Two Hands Corp (1494413) 10-Q published on May 17, 2021 at 3:58 pm
On June 10, 2014, the Company agreed to amend and add certain terms to unsecured, non-interest bearing, due on demand notes payable issued to The Cellular Connection Ltd. during the period from February 22, 2013 to June 10, 2014 with a total carrying value $42,189. The issue price of the Note is $42,189 with a face value of $54,193 and the Note has an original maturity date of December 31, 2014 which is subject to automatic renewal. At the option of the Company, the Company may convert principal and interest at a fixed conversion price of $0.0001 per share of the Company’s common stock. The Note allows for the lender to secure a portion of the Company assets up to 200% of the face value of the Note. If the Note is not paid on the maturity date, the outstanding face amount of the Note shall increase by 20% on January 1, 2015. The outstanding face value of the Note shall increase by another 20% on January 1, 2016 and again on each one-year anniversary of the Note until the Note has been paid in full. The condensed consolidated statement of operations includes interest expense of $0 and $93 for the three months ended March 31, 2021 and 2020, respectively. On March 31, 2021 and December 31, 2020, the carrying amount of the Note is $0 and $0, respectively. This Note has been paid in full.
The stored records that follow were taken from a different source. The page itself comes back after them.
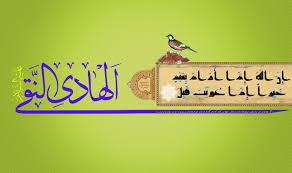 Related image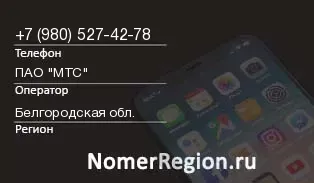 Кто звонил с 9805274278 - регион и оператор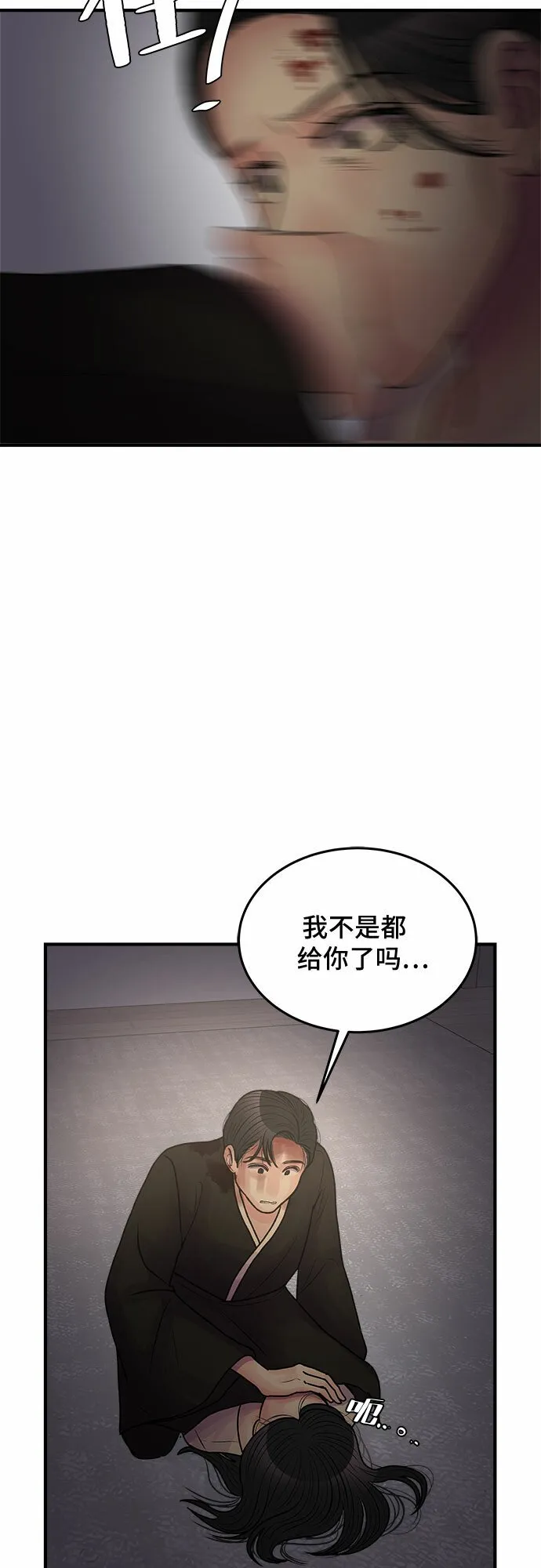第38话 第28页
On January 20, 2021, the Company entered into a Side Letter Agreement (“Note”) with Francesco Bisignano for cash proceeds of $15,823. The issue price of the Note is $15,823 with a face value of $23,735. At the option of the Company, the Company may convert principal and interest at a fixed conversion price of $0.0034 per share of the Company’s common stock.. During the three months ended March 31, 2021, the Company elected to convert $23,735 of principal and interest into 8,823,529 shares of common stock of the Company at a fixed conversion price of $0.0034 per share. This conversion resulted in a loss on debt settlement of $2,736 due to the requirement to record the share issuance at fair value on the date the shares were issued. The condensed consolidated statement of operations includes interest expense of $7,912 and $0 for the three months ended March 31, 2021 and 2020, respectively. On March 31, 2021 and December 31, 2020, the carrying amount of the Note is $0.
The fair value of the convertible promissory note derivative liability relating to the Notes issued to Power Up Lending Group Ltd. and Redstart Holdings Corp. on July 13, 2020, September 11, 2020 and February 23, 2021 was $211,380 (December 31, 2020 - $172,261), of which $150,000 was recorded as a debt discount and the remainder of $112,116 was recorded as initial derivative expense. During the three months ended March 31, 2021, the convertible promissory note derivative liability was reduced by $154,384 for settlement of derivative liabilities due to conversion of the Notes into common stock by the Holders. The decrease in the fair value of the conversion option derivative liability of $68,613 is recorded as a gain in the condensed consolidated statements of operations for the three months ended March 31, 2021.
As of March 31, 2021 and December 31, 2020, advances and accrued salary of $32,426 and $106,928, respectively, were due to Nadav Elituv, the Company's Chief Executive Officer. The balance is non-interest bearing, unsecured and have no specified terms of repayment. During the three months ended March 31, 2021, the Company issued advances due to related party for $18,203 of expenses paid on behalf of the Company and advances due to related party were repaid by the Company with $20,505 in cash. In addition, the Company accrued salary of $37,800 for the three months ended March 31, 2021 and issued 30,000 shares of Class Convertible Preferred Stock with a fair value of $110,000 to settled compensation due on March 31, 2021.
On March 31, 2021 and December 31, 2020, the Company had an obligation to issue 32,000,001 shares of common stock valued at $336,000 and 32,000,001 shares of common stock valued at $336,000, respectively, for stock-based compensation – consulting services. These shares relate to an agreement dated August 1, 2020 for services to be provided from August 1, 2020 to July 31, 2022 whereby the Company shall pay 50,000,000 shares of Common Stock of the Company with a fair value of $525,000 for consulting. The shares are expensed the earlier of (i) the date of issue of shares or (ii) on a straight line over the life of the contract.